- REQUIRED ACTION: Entries below include pictures. Output exactly the lines from the one with "T-Roc 1,0 TSI" down to the one with "Papo Figurina Puisori De Gaina [1]", both ends included, and leave the pictures out.
Start of INPUT RECORDS
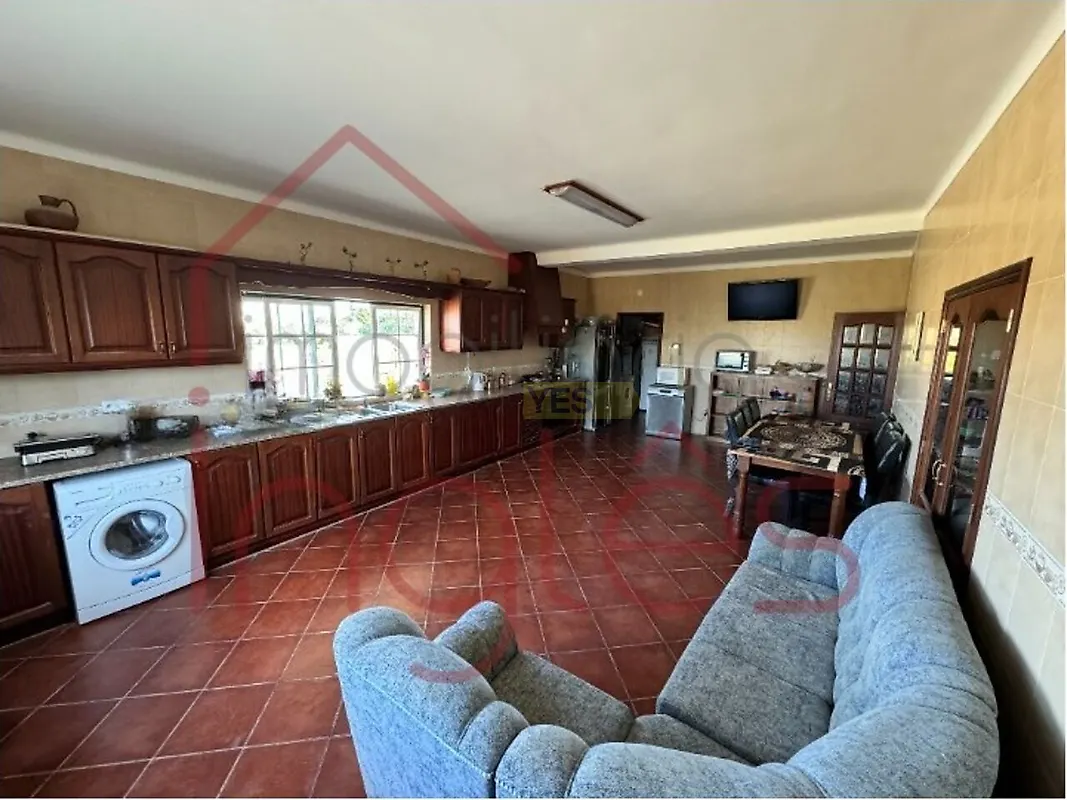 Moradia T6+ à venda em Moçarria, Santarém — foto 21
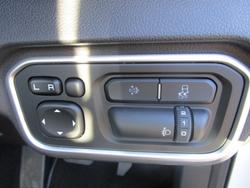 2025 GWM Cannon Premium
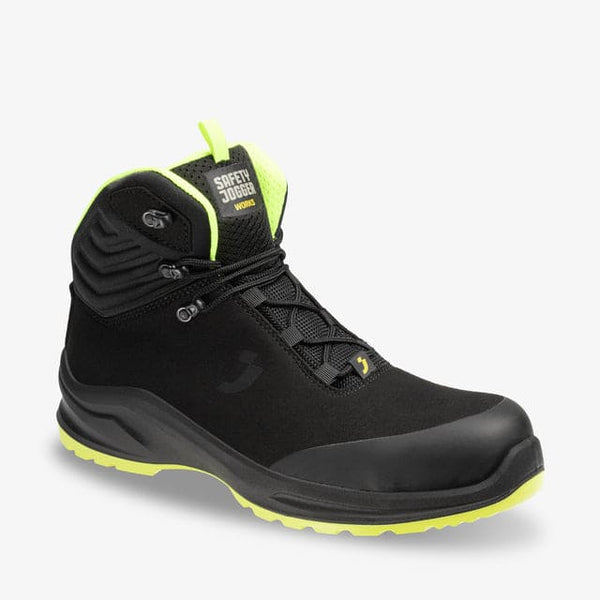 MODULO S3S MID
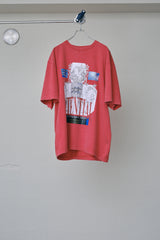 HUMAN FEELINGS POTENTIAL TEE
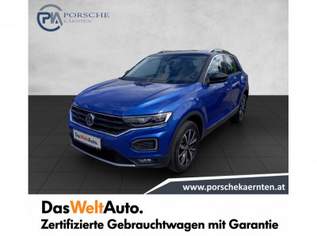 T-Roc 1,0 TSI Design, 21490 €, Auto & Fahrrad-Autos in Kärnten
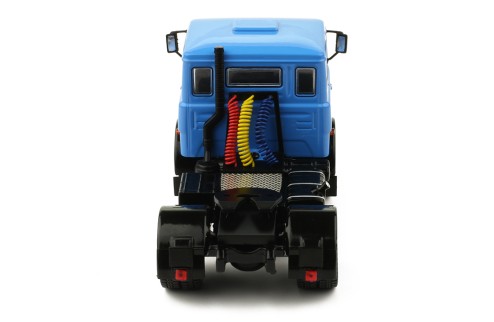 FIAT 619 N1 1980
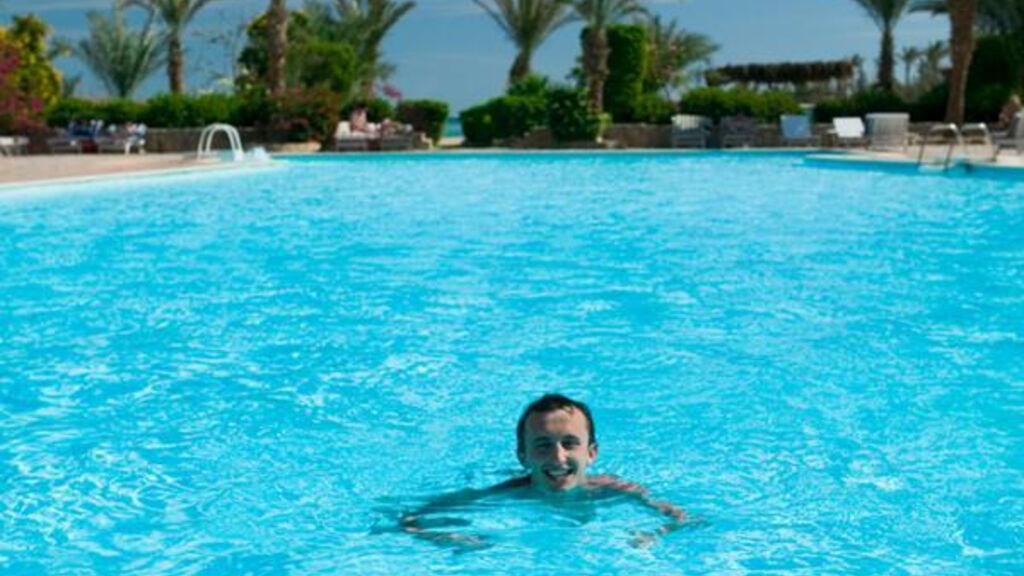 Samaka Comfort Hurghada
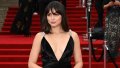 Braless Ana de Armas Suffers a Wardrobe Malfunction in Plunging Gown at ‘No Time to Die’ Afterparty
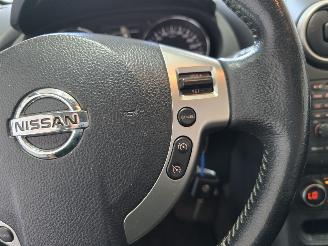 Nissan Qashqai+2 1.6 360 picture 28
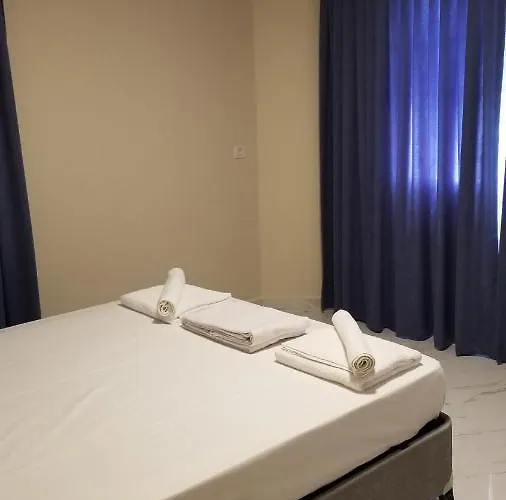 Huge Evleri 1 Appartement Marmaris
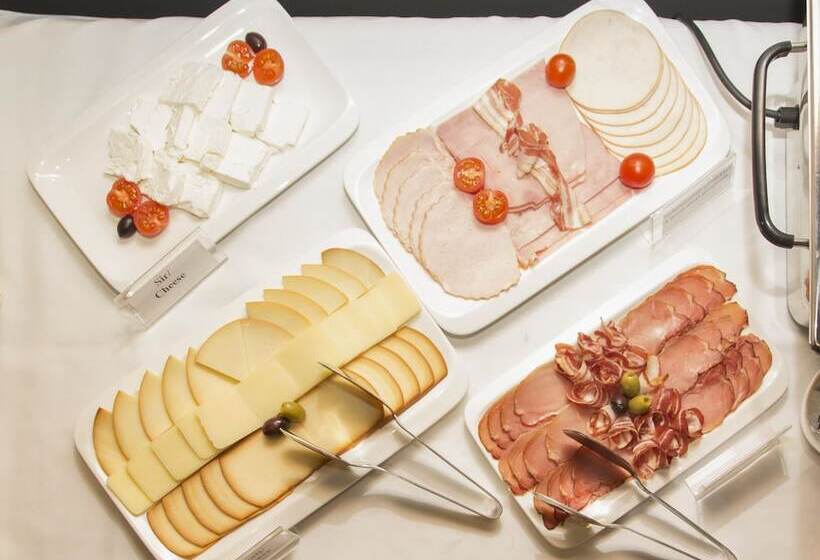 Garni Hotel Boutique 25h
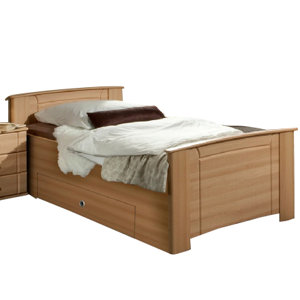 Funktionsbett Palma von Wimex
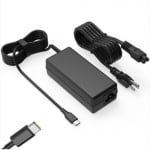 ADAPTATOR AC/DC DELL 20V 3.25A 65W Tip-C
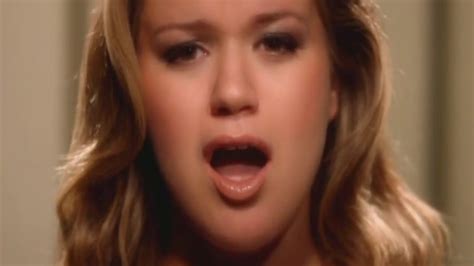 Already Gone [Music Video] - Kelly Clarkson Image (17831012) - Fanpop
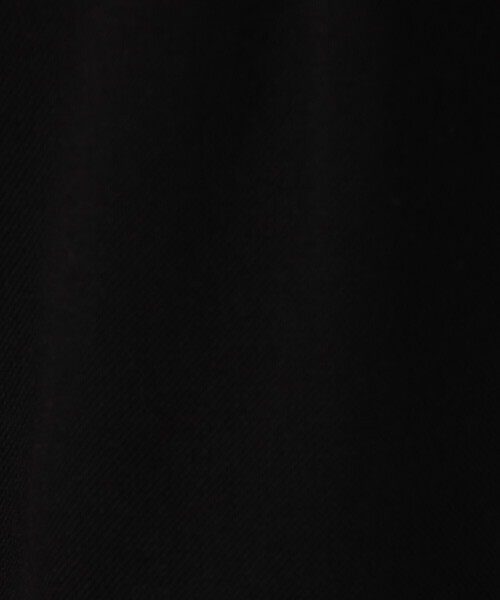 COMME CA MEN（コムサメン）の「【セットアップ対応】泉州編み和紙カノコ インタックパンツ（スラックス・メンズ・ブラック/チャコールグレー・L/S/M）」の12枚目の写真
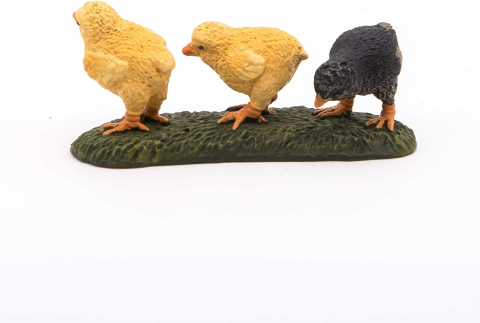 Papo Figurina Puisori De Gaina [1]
End of INPUT RECORDS
Start of INPUT RECORDS
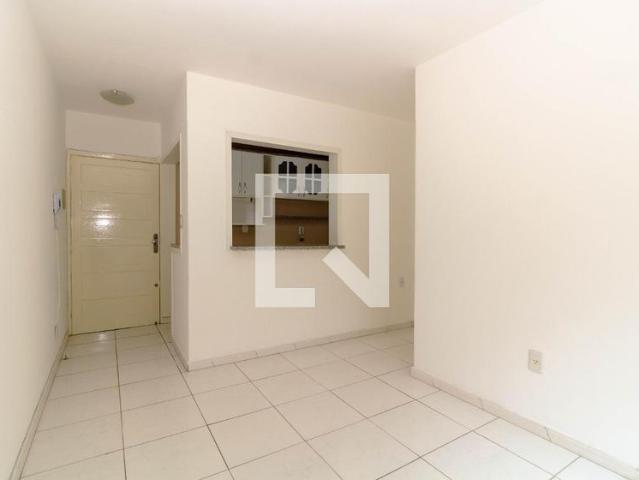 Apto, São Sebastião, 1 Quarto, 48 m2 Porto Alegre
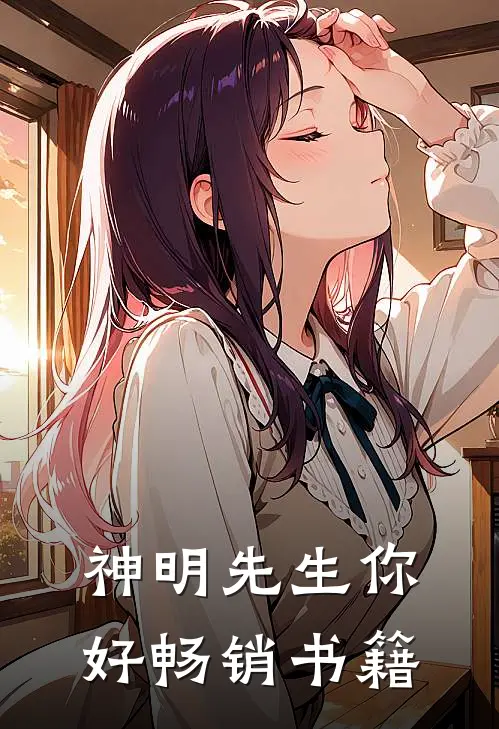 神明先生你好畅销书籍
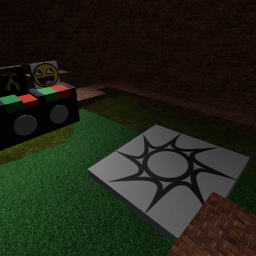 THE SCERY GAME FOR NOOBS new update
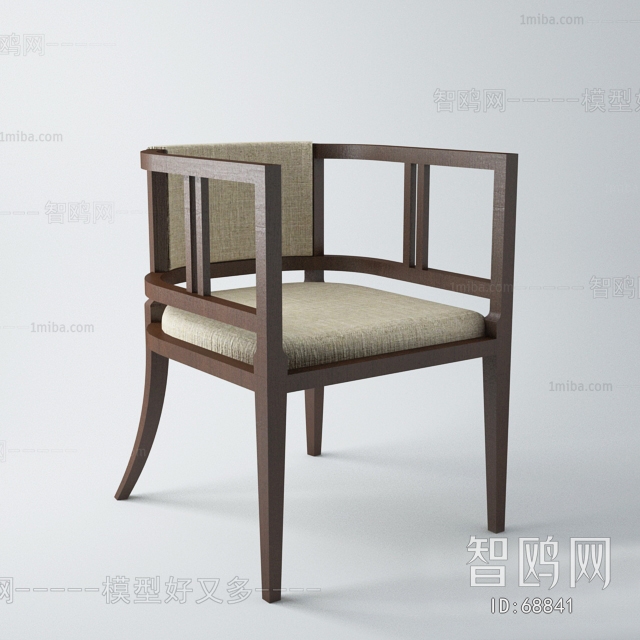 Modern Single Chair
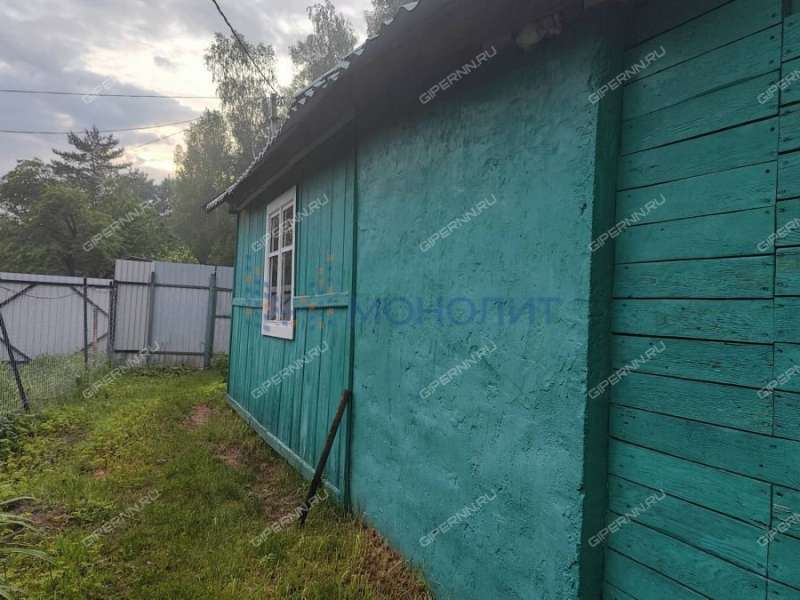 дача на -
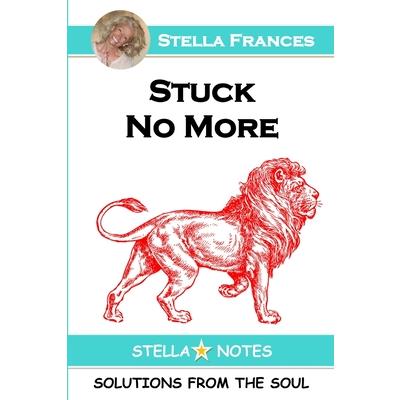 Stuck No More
End of INPUT RECORDS
Start of INPUT RECORDS
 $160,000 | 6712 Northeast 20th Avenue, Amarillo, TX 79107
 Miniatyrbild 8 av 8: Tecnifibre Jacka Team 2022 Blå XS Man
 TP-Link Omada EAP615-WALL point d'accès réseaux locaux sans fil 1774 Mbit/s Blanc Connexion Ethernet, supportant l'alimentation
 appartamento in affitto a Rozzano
End of INPUT RECORDS
- RESPONSE TO THE EXERCISE:
 T-Roc 1,0 TSI Design, 21490 €, Auto & Fahrrad-Autos in Kärnten
 FIAT 619 N1 1980
 Samaka Comfort Hurghada
 Braless Ana de Armas Suffers a Wardrobe Malfunction in Plunging Gown at ‘No Time to Die’ Afterparty
 Nissan Qashqai+2 1.6 360 picture 28
 Huge Evleri 1 Appartement Marmaris
 Garni Hotel Boutique 25h
 Funktionsbett Palma von Wimex
 ADAPTATOR AC/DC DELL 20V 3.25A 65W Tip-C
 Already Gone [Music Video] - Kelly Clarkson Image (17831012) - Fanpop
 COMME CA MEN（コムサメン）の「【セットアップ対応】泉州編み和紙カノコ インタックパンツ（スラックス・メンズ・ブラック/チャコールグレー・L/S/M）」の12枚目の写真
 Papo Figurina Puisori De Gaina [1]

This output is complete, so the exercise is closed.